------ PROVIDED MATERIAL

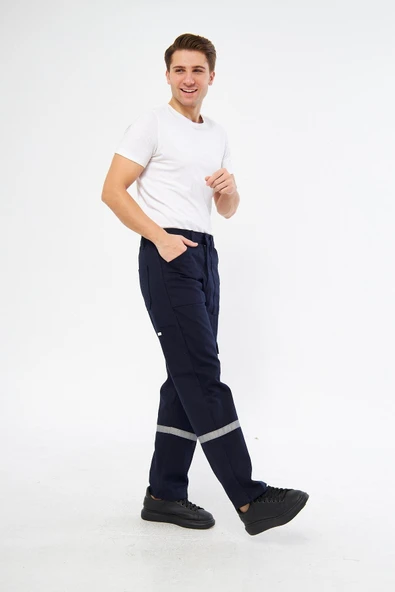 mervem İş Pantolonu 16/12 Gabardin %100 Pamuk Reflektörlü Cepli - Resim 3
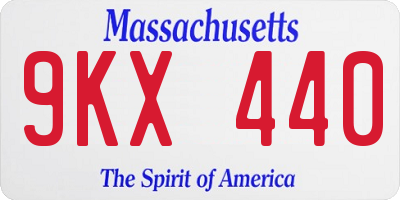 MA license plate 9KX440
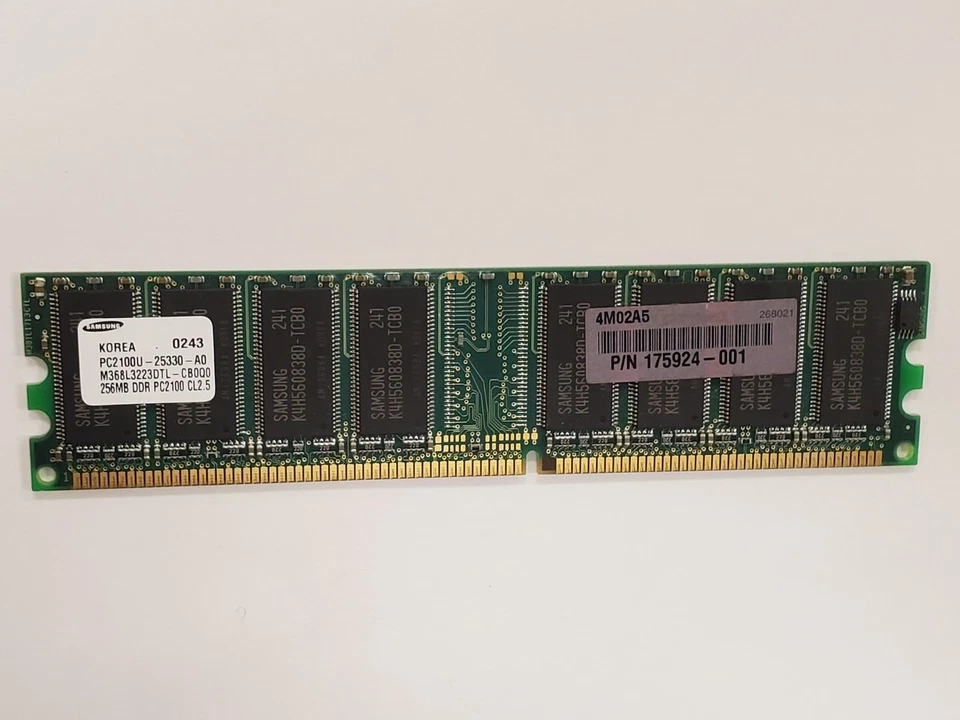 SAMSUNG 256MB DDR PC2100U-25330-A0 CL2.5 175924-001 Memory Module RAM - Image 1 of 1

------------

• _WHAT IS BEING ASKED_: Every line above has to be output exactly; the pictures must be dropped.

• _SOLVED PROBLEM_:
 mervem İş Pantolonu 16/12 Gabardin %100 Pamuk Reflektörlü Cepli - Resim 3
 MA license plate 9KX440
 SAMSUNG 256MB DDR PC2100U-25330-A0 CL2.5 175924-001 Memory Module RAM - Image 1 of 1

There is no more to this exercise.